NEMEC Matúš SÝS Marek ŠVENDA Petr KLINEC Dušan MATYÁŠ Václav

Year of publication 2017
Type Article in Proceedings
Conference Proceedings of the 2017 ACM SIGSAC Conference on Computer and Communications Security
MU Faculty or unit

Faculty of Informatics

Citation
Web
Doi http://dx.doi.org/10.1145/3133956.3133969
Field Informatics
Keywords RSA; factorization; smartcard; Coppersmith's algorithm
Description We report on our discovery of an algorithmic flaw in the construction of primes for RSA key generation in a widely-used library of a major manufacturer of cryptographic hardware. The primes generated by the library suffer from a significant loss of entropy. We propose a practical factorization method for various key lengths including 1024 and 2048 bits. Our method requires no additional information except for the value of the public modulus and does not depend on a weak or a faulty random number generator. We devised an extension of Coppersmith's factorization attack utilizing an alternative form of the primes in question. The library in question is found in NIST FIPS 140-2 and CC EAL 5+ certified devices used for a wide range of real-world applications, including identity cards, passports, Trusted Platform Modules, PGP and tokens for authentication or software signing. As the relevant library code was introduced in 2012 at the latest (and probably earlier), the impacted devices are now widespread.
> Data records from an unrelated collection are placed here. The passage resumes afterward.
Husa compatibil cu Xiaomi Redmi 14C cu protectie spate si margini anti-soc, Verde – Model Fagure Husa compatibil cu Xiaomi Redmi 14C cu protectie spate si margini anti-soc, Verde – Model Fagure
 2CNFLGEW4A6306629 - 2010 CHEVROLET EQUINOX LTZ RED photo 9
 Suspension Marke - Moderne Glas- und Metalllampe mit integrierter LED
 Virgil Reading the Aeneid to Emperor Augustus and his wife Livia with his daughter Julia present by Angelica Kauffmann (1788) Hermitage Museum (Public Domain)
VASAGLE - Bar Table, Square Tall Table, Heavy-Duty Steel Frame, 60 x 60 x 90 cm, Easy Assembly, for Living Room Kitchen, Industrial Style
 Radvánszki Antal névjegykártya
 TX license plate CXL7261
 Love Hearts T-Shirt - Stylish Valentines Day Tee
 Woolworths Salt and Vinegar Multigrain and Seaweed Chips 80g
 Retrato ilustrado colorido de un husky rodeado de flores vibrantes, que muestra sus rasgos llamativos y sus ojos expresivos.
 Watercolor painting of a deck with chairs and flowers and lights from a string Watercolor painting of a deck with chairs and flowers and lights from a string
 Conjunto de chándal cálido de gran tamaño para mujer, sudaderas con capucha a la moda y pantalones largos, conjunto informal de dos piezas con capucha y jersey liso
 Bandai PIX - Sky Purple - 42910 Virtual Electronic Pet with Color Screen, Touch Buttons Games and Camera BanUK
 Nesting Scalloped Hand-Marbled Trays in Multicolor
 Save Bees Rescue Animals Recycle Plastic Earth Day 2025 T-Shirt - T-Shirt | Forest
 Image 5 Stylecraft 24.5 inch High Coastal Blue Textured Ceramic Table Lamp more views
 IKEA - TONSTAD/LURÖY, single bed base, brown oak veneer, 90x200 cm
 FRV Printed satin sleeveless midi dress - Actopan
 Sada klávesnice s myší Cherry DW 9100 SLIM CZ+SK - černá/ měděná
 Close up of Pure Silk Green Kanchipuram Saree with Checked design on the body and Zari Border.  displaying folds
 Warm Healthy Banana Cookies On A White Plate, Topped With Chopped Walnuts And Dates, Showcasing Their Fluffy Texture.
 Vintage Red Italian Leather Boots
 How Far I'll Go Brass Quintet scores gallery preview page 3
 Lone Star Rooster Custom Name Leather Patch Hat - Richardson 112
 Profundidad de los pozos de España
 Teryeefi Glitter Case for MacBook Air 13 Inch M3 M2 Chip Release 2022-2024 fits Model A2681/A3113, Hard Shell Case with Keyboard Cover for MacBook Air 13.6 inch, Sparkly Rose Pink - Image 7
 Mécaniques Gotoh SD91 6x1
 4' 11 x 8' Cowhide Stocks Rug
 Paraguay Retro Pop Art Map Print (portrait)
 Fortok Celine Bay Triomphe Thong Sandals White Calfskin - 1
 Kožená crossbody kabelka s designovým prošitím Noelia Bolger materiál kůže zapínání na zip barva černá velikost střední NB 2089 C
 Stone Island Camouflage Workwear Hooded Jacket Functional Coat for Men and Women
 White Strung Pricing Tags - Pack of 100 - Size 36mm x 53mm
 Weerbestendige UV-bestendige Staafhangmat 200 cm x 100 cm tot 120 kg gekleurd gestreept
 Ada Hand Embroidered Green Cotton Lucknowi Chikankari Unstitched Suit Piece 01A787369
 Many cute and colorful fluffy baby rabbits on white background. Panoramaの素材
Tens of thousands of such keys were directly identified, many with significant impacts, especially for electronic identity documents, software signing, Trusted Computing and PGP. We estimate the number of affected devices to be in the order of at least tens of millions. The worst cases for the factorization of 1024 and 2048-bit keys are less than 3 CPU-months and 100 CPU-years on single core of common recent CPUs, respectively, while the expected time is half of that of the worst case. The attack can be parallelized on multiple CPUs. Worse still, all susceptible keys contain a strong fingerprint that is verifiable in microseconds on an ordinary laptop -- meaning that all vulnerable keys can be quickly identified, even in very large datasets.